If it dumps any snow you gota go back and get it so whats the difference in a lil snow or alot?

Generaly when my trip edge trips hard and I am trucking along the blade goes straight up in the air and dumps a good deal of snow. 

Still I rather have it tripping than not witch is why I like it on my V. The big blades and road stuff trip edge is nice. Otherwise I generaly prefer full trip.


----------



## Boondox (Sep 4, 2004)

Mark Oomkes said:


> Yes, if you are hitting a curb, the full trip would make more sense. But how many curbs do you hit compared to manholes, drains, potholes. If you are hitting curbs on a regular basis, you are going to have some other serious problems.


Late in the season around here the ice pushed up at the side of our dirt road is just as hard as a concrete curb. Therefore I run a full trip blade. Pete


----------



## calhoun (Oct 18, 2003)

No one mentions getting stuff stuck in the trip edge. Am I the only one this happens too? I plow some gravel drives and have had the edge trip and stones and/or sticks get stuck so the cutting edge doesn't completly return. Pain to release the pressure to remove the debris so it returns to the corrrect angle.


----------



## ratlover (May 5, 2003)

nope, dont have aproblem. some have purposly welded a spacer in there to change thier attack angle.


----------



## justme- (Dec 28, 2004)

ratlover said:


> If it dumps any snow you gota go back and get it so whats the difference in a lil snow or alot?
> 
> Generaly when my trip edge trips hard and I am trucking along the blade goes straight up in the air and dumps a good deal of snow.
> 
> Still I rather have it tripping than not witch is why I like it on my V. The big blades and road stuff trip edge is nice.

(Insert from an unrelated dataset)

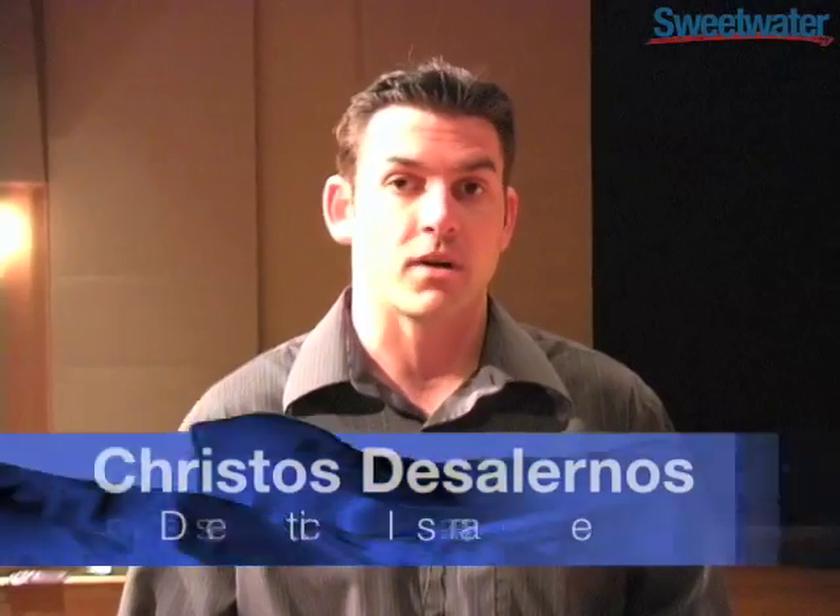Hello there, my name is Christos Desalernos. I am the Domestic Sales Manager for Furman Sound. Today we're here at the Sweetwater headquarters showing off some of our new products.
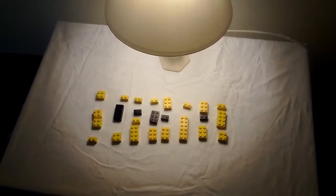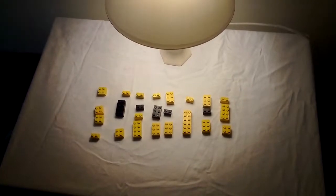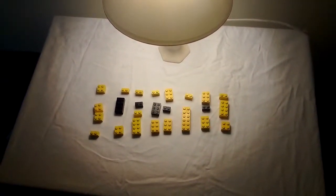Hello and welcome. Today I will be making a Lego Mario question mark look. I hope you will find this tutorial helpful. So let's get started.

Otherwise I generaly prefer full trip.


Big difference to me, a little snow is cleanup work, alot of snow is a back up and try again- waste of time. I have only had the blade jump in the air once, and it was my fault plowing with a near straight blade going too fast.

As to ice becoming packed down in another post- the trip edge tends to lift that packed down ice better than a full trip because of the angle of attack (more agressive scrape angle). Another reason I favor the Fisher.

Mark- nope, never had anything stuck in the trip mechanism. I also don't normally let the blade ride the gravel surface until it's frozen solid so nothing comes up.


----------



## rogerfries (Mar 8, 2005)

Thanks guys. No shortage of opnions on this subject! I'm going to give the Fisher a try, but I'm not going to sell my old plow until I'm sure I like the Fisher. The Fisher is obviously a better quality plow than my Western. It seems like it weighs twice as much which should help it scrape & back blade better. The only thing is my driveway sucks! Lots of spots where the blade tips. It's not like I'm dropping 4K on a new one, It's on a truck I'm parting out.


----------



## 04superduty (Jan 9, 2004)

have you tired a urethane cutting edge on your current plow? you wont have many problems with it tripping or tearing up lawns.


----------



## oldmankent (Mar 2, 2001)

calhoun said:


> No one mentions getting stuff stuck in the trip edge. Am I the only one this happens too? I plow some gravel drives and have had the edge trip and stones and/or sticks get stuck so the cutting edge doesn't completly return. Pain to release the pressure to remove the debris so it returns to the corrrect angle.


I see this all the time in the East. Guys with the edge partly tripped that have snow and gravel stuck in between the edge and the moldboard. It would drive me nuts.


----------



## jt5019 (Aug 28, 2003)

My edge doesnt trip that easliy on my fisher, you have to hit something pretty good for it to trip.Ive never gotten anything stuck that would cause it to stay partially tripped. The force would just shoot a rock out as it tripped back if that ever happened.


----------



## justme- (Dec 28, 2004)

04superduty said:


> have you tired a urethane cutting edge on your current plow? you wont have many problems with it tripping or tearing up lawns.


I've heard mixed reviews on them, one local guy (who I have noticed was on here last season and is MIA this year) has one on his new Xblade- been meaning to stop by and talk to him about it. The weight issue is a big problem for me with a CTD Dodge- needing a steel edge as a washer with the poly is too much weight IMO for my truck plus I hear they don't scrape any _worse_ than steel. Noone says they scrape _better_, only they don't scrape _worse_. I have a concern about that. With a new steel edge bare pavement is almost always visible for me, with a tripedge only Sometimes I get bare, often there's a little something left- a 1-1/2 inch wide edge from a poly doesn't seem to scrape in the steel catagory with that thought process.
Reportedly they don't work as well on Fisher's as on blade trips because of the scrape angle as well, so food for thought.


----------



## Mark Oomkes (Dec 10, 2000)

Urethane edges work great on Fishers, straight and v's. We have one plow, a Viking, that we have a steel edge on. You are correct, they don't scrape any better than steel, they also don't transmit every shock, every pothole, manhole, speed bump, etc to your plow and to your truck. This is what makes it worthwhile to me. If my customer wants bare pavement, they pay for salt. I am reducing my costs with urethane, because I am not having as much damage or long term wear and tear to my plows and vehicles because of urethane. I can pass this savings along to my customer or it go to my bottom line. It's a lot softer bouncing off curbs with urethane as well. 

JMO from a urethane user for 4 years now.


----------